Migrants? Us Basques and Finno-Ugrians are natives of our land, you Indo-Europeans, are migrants.
Saying that the Indo-Europeans were in North-Eastern Europe before the Finno-Ugrians, is extreme Indo-European chauvinism. Nothing backs it up. It is practically a fact that we were here before, but there's only one question. Have we been here for 6000 years or 12 000 years.

Please read the scientific links I gave you in the earlier messages. Don’t make fool of yourself by repeating such a crap. It seems clear for the present-day linguists that Indo-European language spread earlier than Uralic language.

All the peoples of Europe have partially ancient roots, but it may well be that all these language families have origins outside Europe: Basque in Africa, Indo-European in Near East and Uralic in South-Siberia/Central Asia. 2 000 years ago there were still spoken many Palaeo-European languages from Mediterranean Coast to Lapland, but since then they all have disappeared.

You do remember, that cultural continuity cannot prove the linguistic continuity, don't you? Please read those links I gave, at last.



The Seima Turbino phenomena can be seen as more of a cultural diffusion, not a population movement. It is possible that Seima Turbino gave Volga Ural populations a technological advantage which enabled them to push west.
To credit the spread of an Uralic language to the Baltic shores by the small trickles of the Seima Turbino phenomena is to stretch it a lot because there are no signs of an "Uralic invasion" seen in Baltic archeology.
Seima-Turbino culture seems to have been male-concerned: the bronze-traders lived among the natives of different areas, they didn’ have dwellings of their own. This may explain why the strong Easternness is seen in the paternal lineages alone.

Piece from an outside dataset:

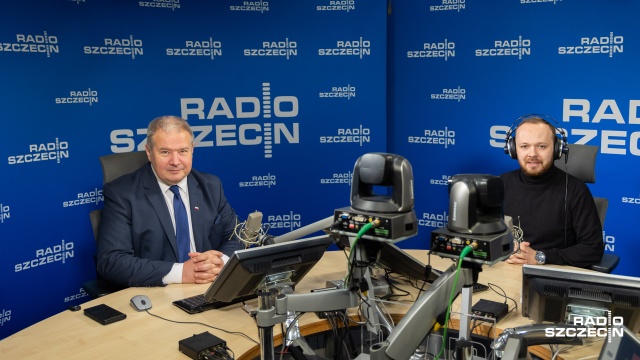 Zapora na granicy z Rosją jest konieczna. Tak w Rozmowach pod Krawatem mówił poseł Prawa i Sprawiedliwości.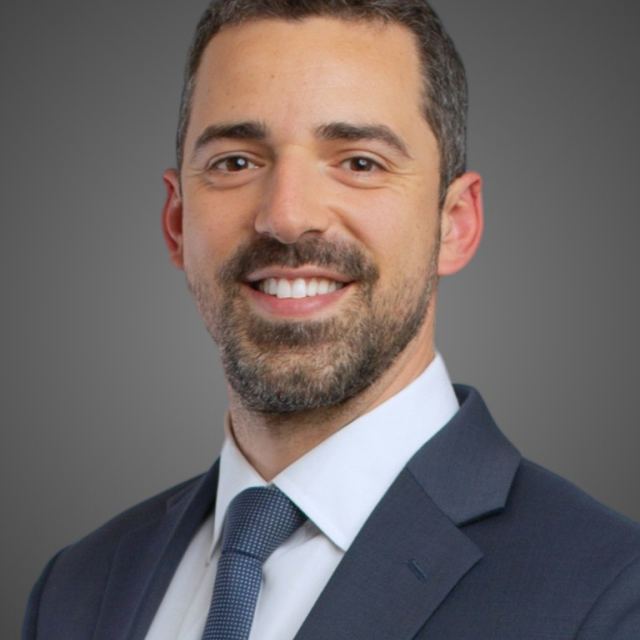 Bernard Dib, M.D. photo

But Seima-Turbino is an Early Bronze Age phenomenon, it can be connected only to the spread of Uralic protodialects. At this period the West-Uralic languages didn’t proceed farther than Ladoga area. Only 1 000 years later did the Middle Proto-Finnic people start to expand to Estonia, and still more than 1 000 years later did the Livonians proceed into the Curland.

So, there even cannot be any single archaeologically perceivable expansion from Middle-Volga to Latvia. The process took many steps at different times, involving different cultures.

Motörhead Remember Me
03-27-2011, 02:14 PM
Seima-Turbino culture seems to have been male-concerned: the bronze-traders lived among the natives of different areas, they didn’ have dwellings of their own. This may explain why the strong Easternness is seen in the paternal lineages alone.

But Seima-Turbino is an Early Bronze Age phenomenon, it can be connected only to the spread of Uralic protodialects. At this period the West-Uralic languages didn’t proceed farther than Ladoga area. Only 1 000 years later did the Middle Proto-Finnic people start to expand to Estonia, and still more than 1 000 years later did the Livonians proceed into the Curland.
So, there even cannot be any single archaeologically perceivable expansion from Middle-Volga to Latvia. The process took many steps at different times, involving different cultures.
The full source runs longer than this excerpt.